Kandahar/Washington. Einen Tag nach dem Amoklauf eines US-Soldaten in Afghanistan mit 16 Toten gibt es Zweifel daran, ob es tatsächlich die Tat eines Einzelnen war. Gerüchten zufolge soll der 38-jährige Seargent zuvor einen Nervenzusammenbruch gehabt haben. Militär-Experten fürchten nun “erhebliche Schwierigkeiten“.

Besucher amerikanischer Militärbasen in Afghanistan, speziell im immer noch umkämpften Süden, kriegen schnell eine Ahnung davon, was hier unter Sicherheit verstanden wird: Zwei-, manchmal dreifache Sicherheitsschleusen mit schwer bewaffneten Soldaten, Kameras und Metall-Detektoren liegen zwischen draußen und drinnen. Raus geht man auch als Soldat nach aufwändigen Kontrollen tagsüber nur nach Voranmeldung in gepanzerten Konvois. Nachts herrscht in der Regel Ausgangssperre.

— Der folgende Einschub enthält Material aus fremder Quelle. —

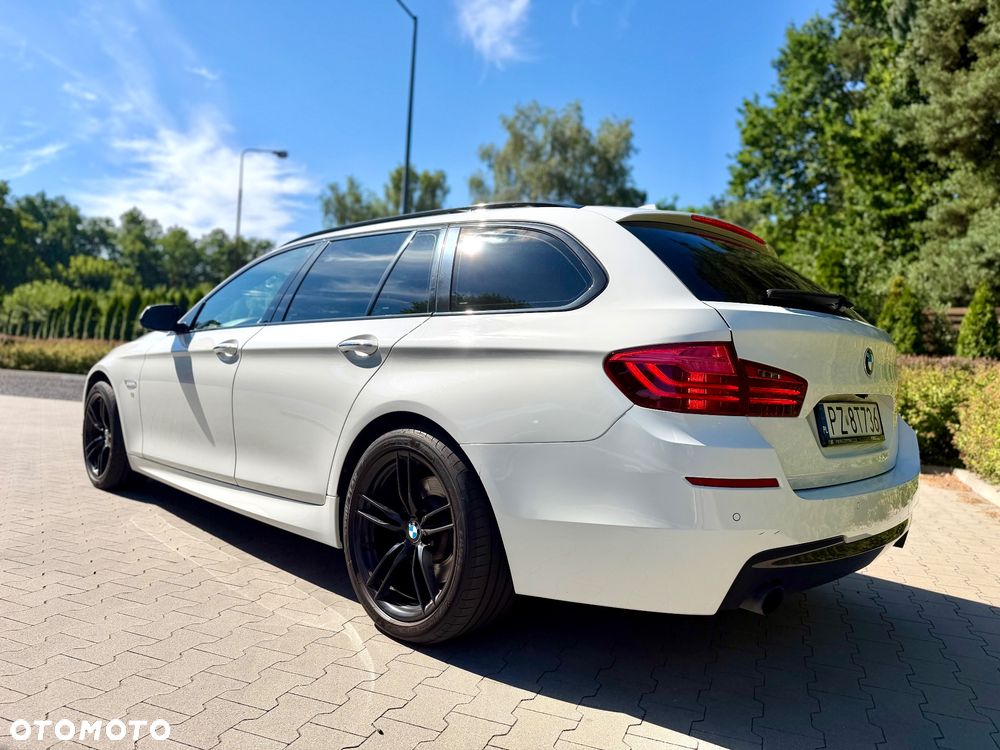BMW Seria 5 535d xDrive - 14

Vor diesem Hintergrund sind die Zweifel zu verstehen, die in Washingtoner wie Kabuler Sicherheitskreisen am Montag an der offiziellen Version des Einzeltäters geübt wurden, der nach vorläufigen Angaben des US-Militärs ein in zehn Jahren Afghanistan-Einsatz beispielloses Blutbad angerichtet hat.

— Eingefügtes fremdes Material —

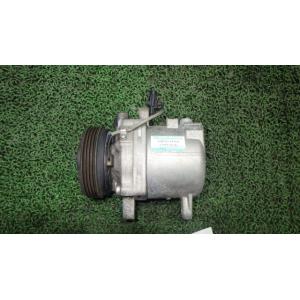 ルークス DBA-ML21S エアコンコンプレッサー グリーンパーツ   中古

Danach verließ der 38-jährige Sergeant aus einem Stützpunkt in der Nähe von Tacoma im Westküsten-Bundesstaat Washington nach Recherchen der “New York Times” in der Nacht zum Samstag um drei Uhr bewaffnet und in Uniform sein Lager in der Provinz Kandahar, suchte in Fußnähe zwei nahe gelegene Dörfer auf, ging von Haus zu Haus und erschoss 16 Menschen, darunter neun Kinder, im Schlaf. Anschließend setzte er einige der Leichen in Brand, ging zurück zur Basis und stellte sich freiwillig.

US-Soldat sollte gutes Verhältnis zur afghanischen Bevölkerung aufbauen

Was den seit elf Jahren der Armee angehörenden Vater zweier Kinder, der bereits im Irak und in Afghanistan stationiert gewesen sein soll, zu dem Amoklauf getrieben hat, ob er Helfer hatte oder Kameraden, die nur wegschauten anstatt ihn aufzuhalten, all das ist nach Angaben des Verteidigungsministeriums in Washington Gegenstand intensiver Untersuchungen. Ebenso der Verdacht, der Mann habe vorher einen Nervenzusammenbruch erlitten. Fest steht, dass der Täter Mitglied einer Einheit war, die vertrauensbildend in die einheimische Bevölkerung hineinwirken sollte.

Nach Leichenschändungen, Koran-Verbrennungen und vielen tödlichen Kollateralschäden bei der Jagd nach Aufständischen stellt der von allen ranghohen US-Militärs bis hin zum Commander in Chief, Präsident Obama, bedauerte Vorfall einen neuen Negativ-Höhepunkt dar. Taliban-Vertreter schwörten am Montag, jedes einzelne Opfer zu rächen. Die US-Truppen haben in ganz Afghanistan zu erhöhter Wachsamkeit aufgerufen. Forderungen der afghanischen Seite, der Täter müsse vor ein heimisches Gericht gestellt werden, werden sich nicht erfüllen. Prinzipiell lassen die USA solche Fälle von der eigenen Militärgerichtsbarkeit regeln.

Experten in Washington rechnen nach dem Massaker mit einschneidenden Konsequenzen. Michael O’Hanlon vom Brookings-Institut erwartet “erhebliche Schwierigkeiten” bei den laufenden Verhandlungen mit der Regierung Karsai über ein Militärabkommen für die Zeit nach dem für 2014 vorgesehenen Truppenabzug. Über Monate mühsam aufgebautes Vertrauen werde durch solche Zwischenfälle mit einem Schlag zerstört. Jon Lee Anderson, Experte der Zeitschrift “New Yorker”, glaubt die amerikanische Präsenz am Hindukusch sei inzwischen vollends “toxisch” geworden. Rund 60 Prozent der US-Amerikaner halten nach einer aktuellen Umfrage von “Washington Post” und dem TV-Sender ABC den Afghanistan-Einsatz für verfehlt. Der Druck auf Präsident Barack Obama, die Soldaten früher als geplant abzuziehen, werde massiv zunehmen.